__Data extract__.
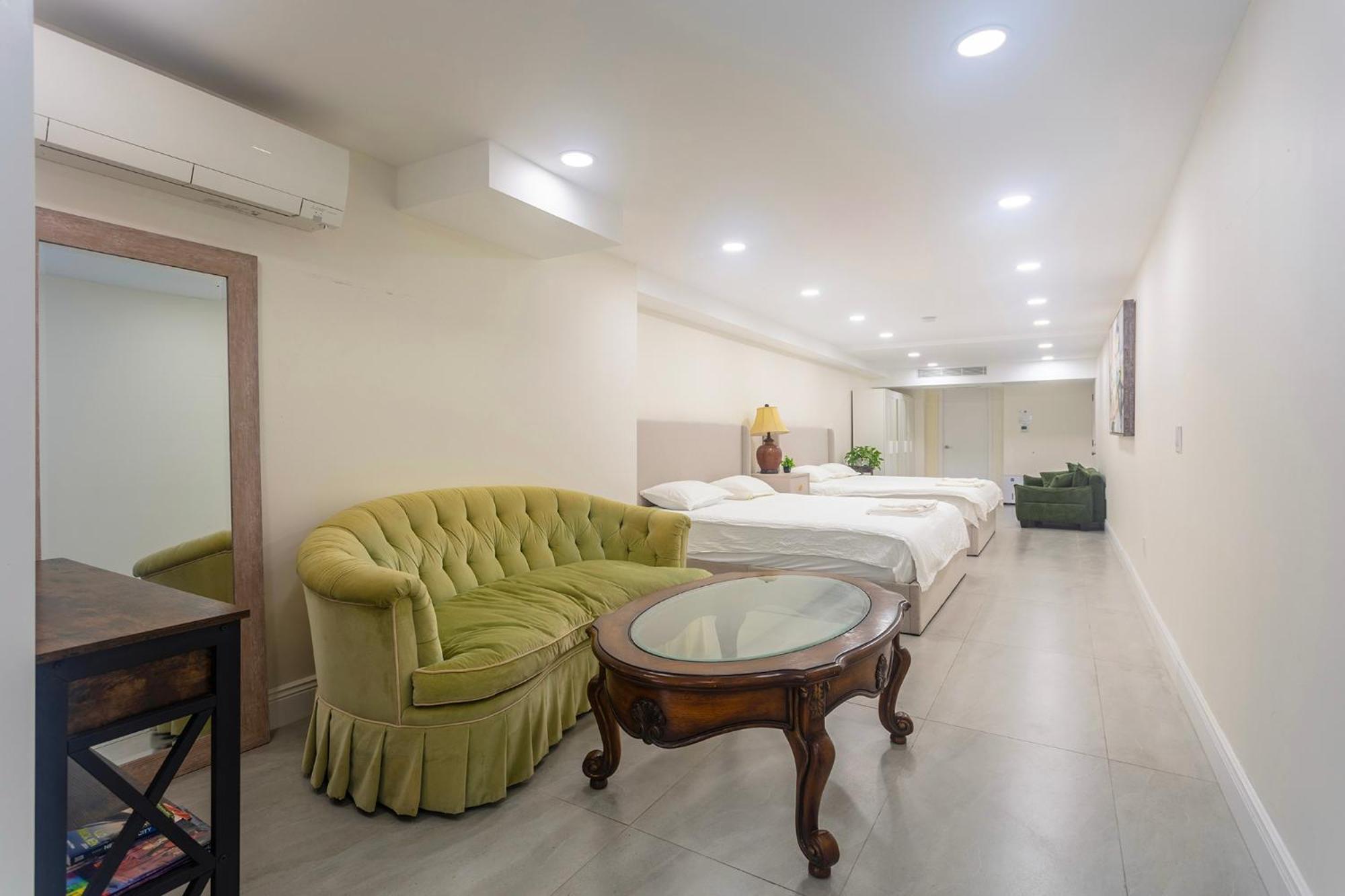 Little Manhattan Near Time Square *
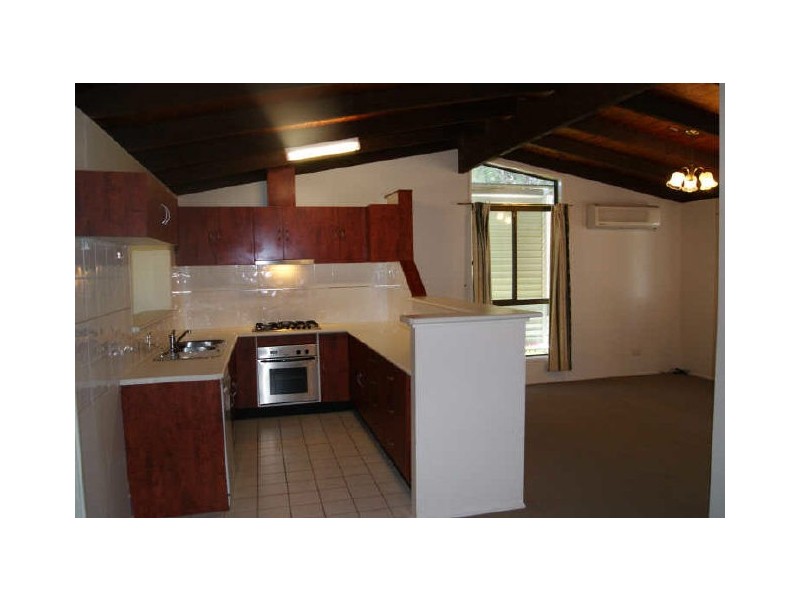 37 Shirley, Coochiemudlo Island QLD 4184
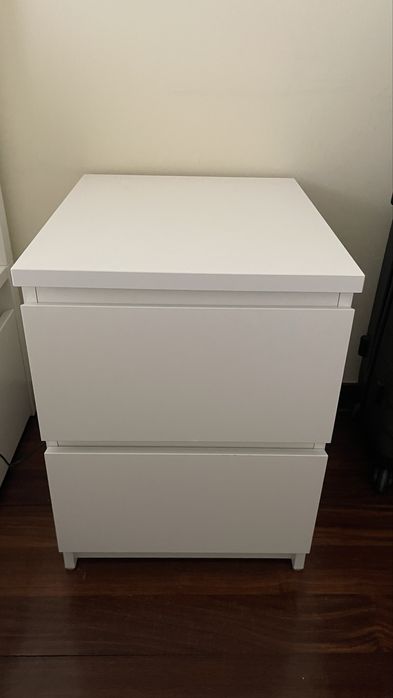 Mesa cabeceira c/ 2 gavetas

__Task requirements__. Pictures are to be omitted from the copy, and only the lines from the one containing "37 Shirley, Coochiemudlo Island QLD 4184" through the final line of the listing above are to be written out exactly.

__Task result__.
 37 Shirley, Coochiemudlo Island QLD 4184
 Mesa cabeceira c/ 2 gavetas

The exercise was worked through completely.